(RECORD SET):

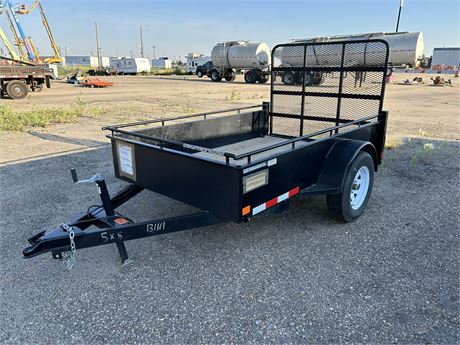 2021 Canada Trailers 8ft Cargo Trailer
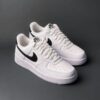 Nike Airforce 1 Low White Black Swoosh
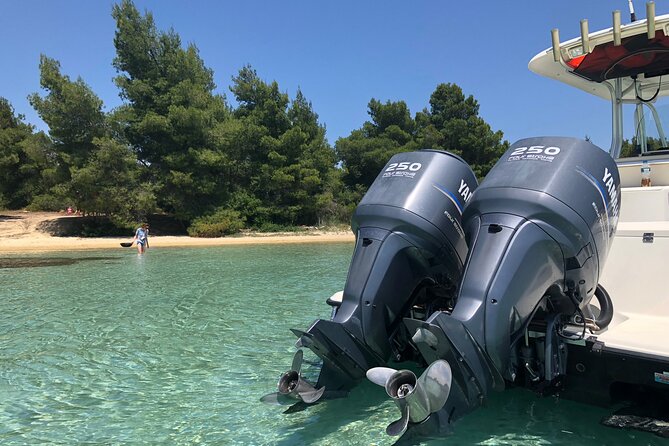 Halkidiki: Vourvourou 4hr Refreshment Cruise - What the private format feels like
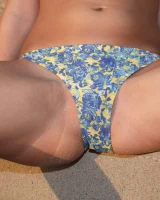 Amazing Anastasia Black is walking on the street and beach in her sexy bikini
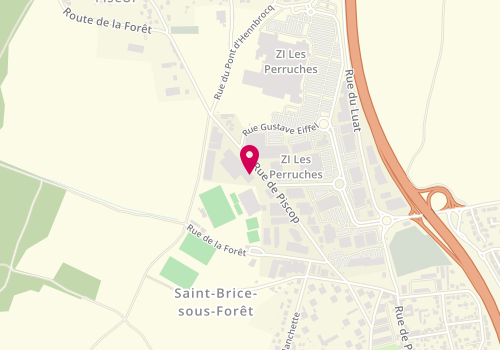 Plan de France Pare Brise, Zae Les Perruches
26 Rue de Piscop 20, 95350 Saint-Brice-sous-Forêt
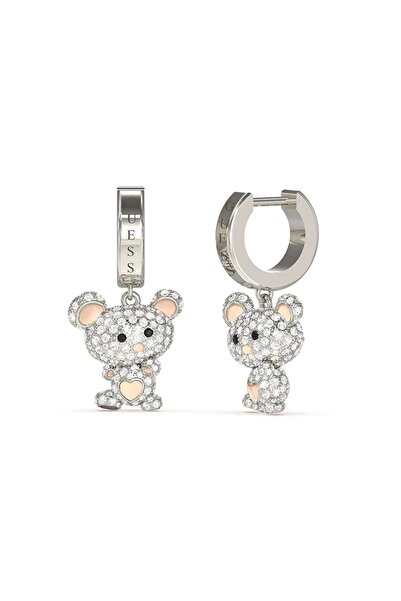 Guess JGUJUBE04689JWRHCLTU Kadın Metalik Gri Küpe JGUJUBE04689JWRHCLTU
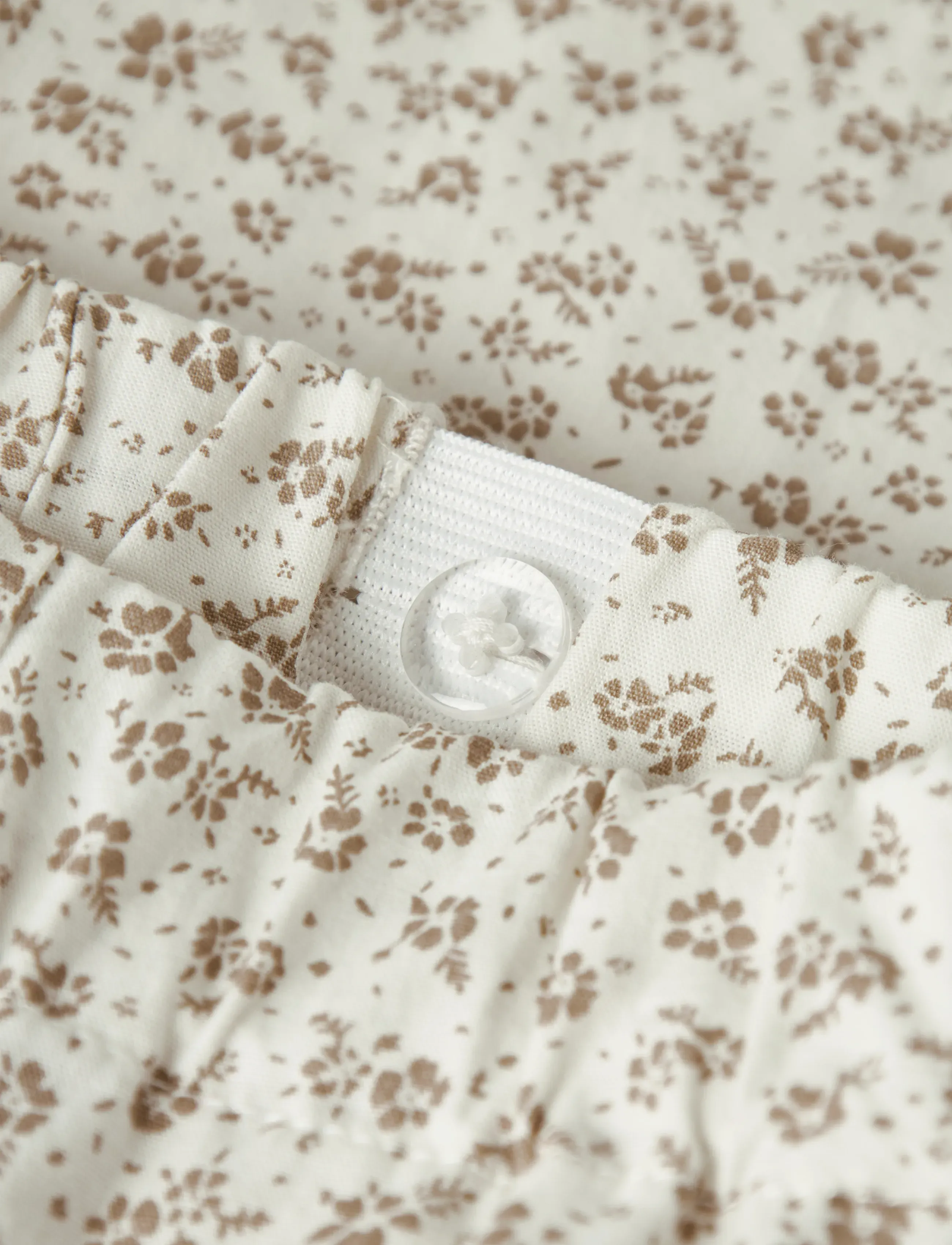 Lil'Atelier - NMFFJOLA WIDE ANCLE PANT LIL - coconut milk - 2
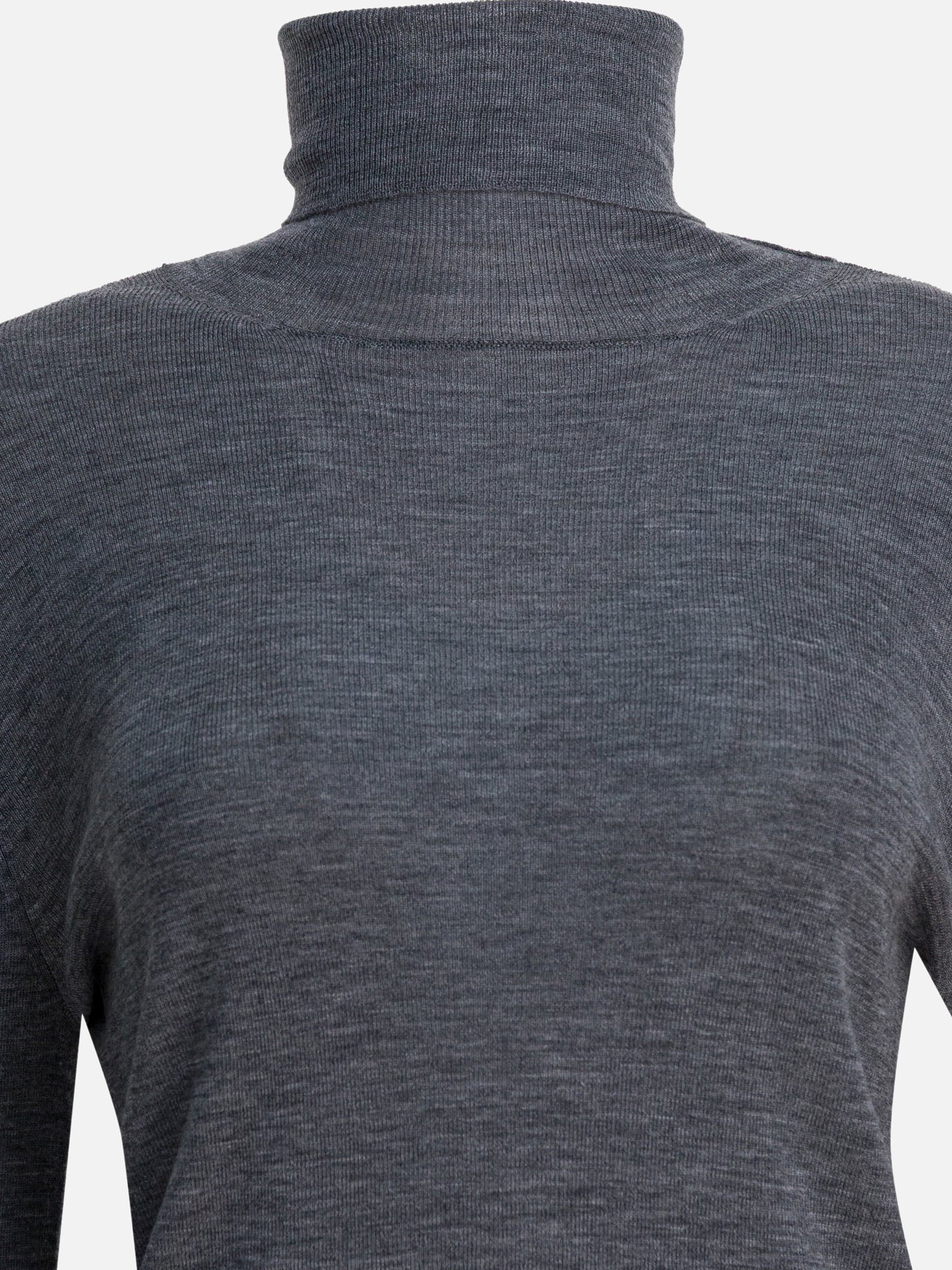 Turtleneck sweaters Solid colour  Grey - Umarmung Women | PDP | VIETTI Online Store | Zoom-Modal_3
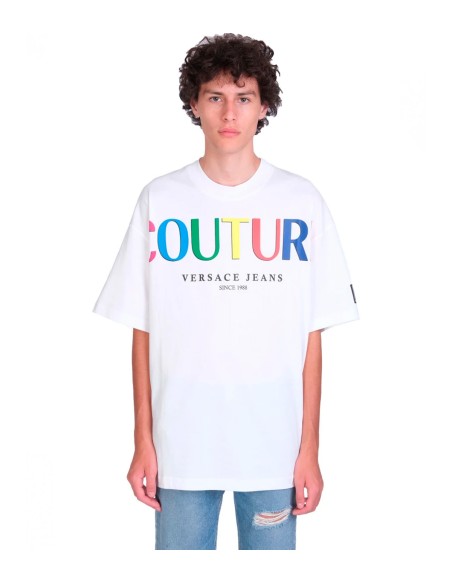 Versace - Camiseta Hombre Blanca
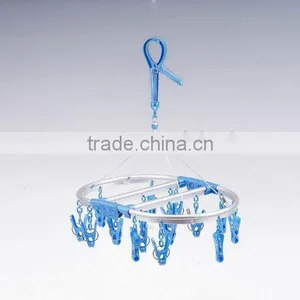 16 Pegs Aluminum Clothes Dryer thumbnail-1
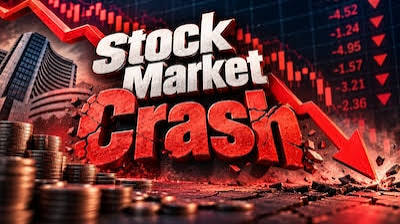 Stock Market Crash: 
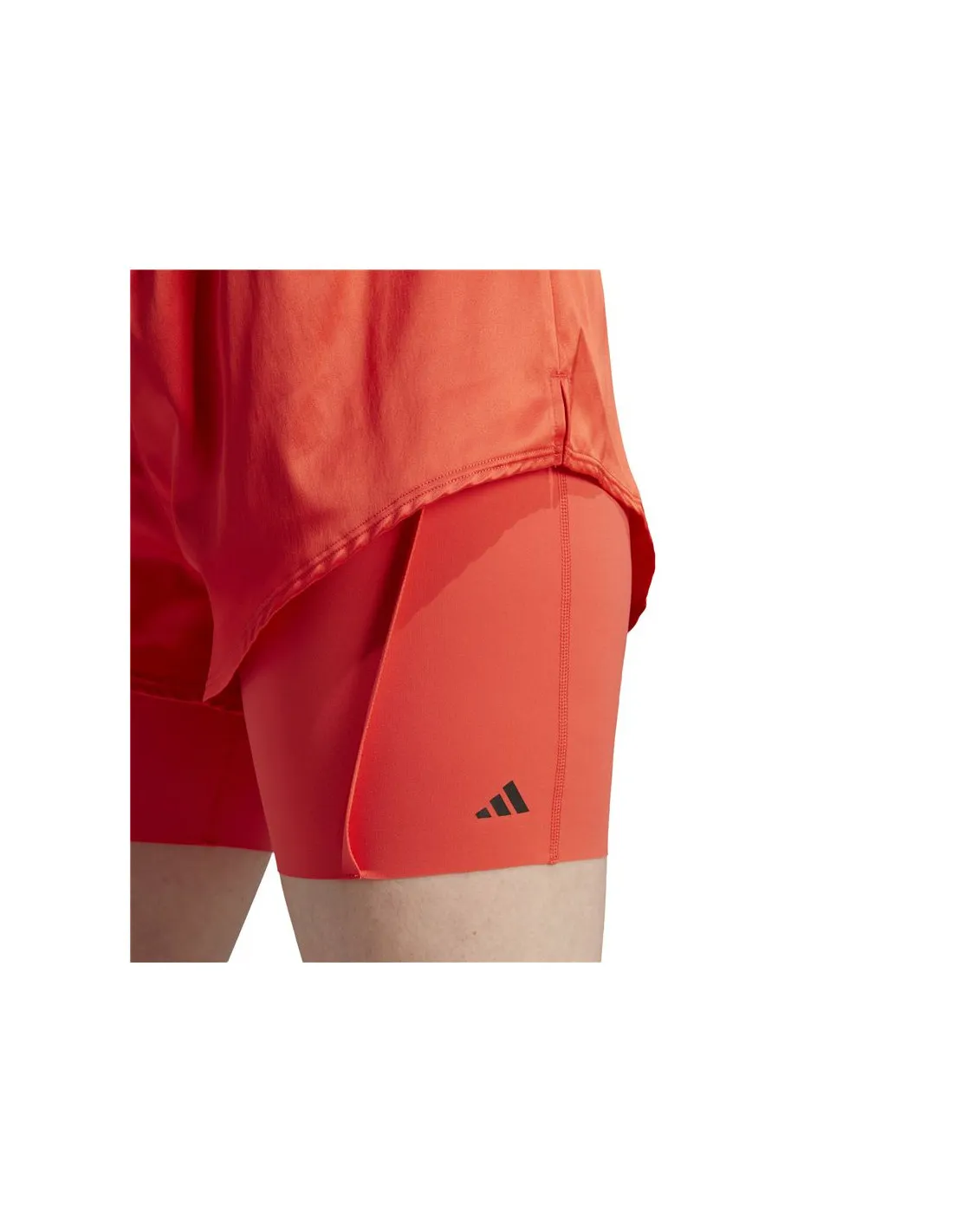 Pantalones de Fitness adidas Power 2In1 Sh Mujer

(YOUR OBJECTIVE):
Please repeat, exactly as written, only the lines from the line with "26 Rue de Piscop" to the end of the data, leaving out every picture.

(ANSWER TO THIS TASK):
26 Rue de Piscop 20, 95350 Saint-Brice-sous-Forêt
 Guess JGUJUBE04689JWRHCLTU Kadın Metalik Gri Küpe JGUJUBE04689JWRHCLTU
 Lil'Atelier - NMFFJOLA WIDE ANCLE PANT LIL - coconut milk - 2
 Turtleneck sweaters Solid colour  Grey - Umarmung Women | PDP | VIETTI Online Store | Zoom-Modal_3
 Versace - Camiseta Hombre Blanca
 16 Pegs Aluminum Clothes Dryer thumbnail-1
 Stock Market Crash: 
 Pantalones de Fitness adidas Power 2In1 Sh Mujer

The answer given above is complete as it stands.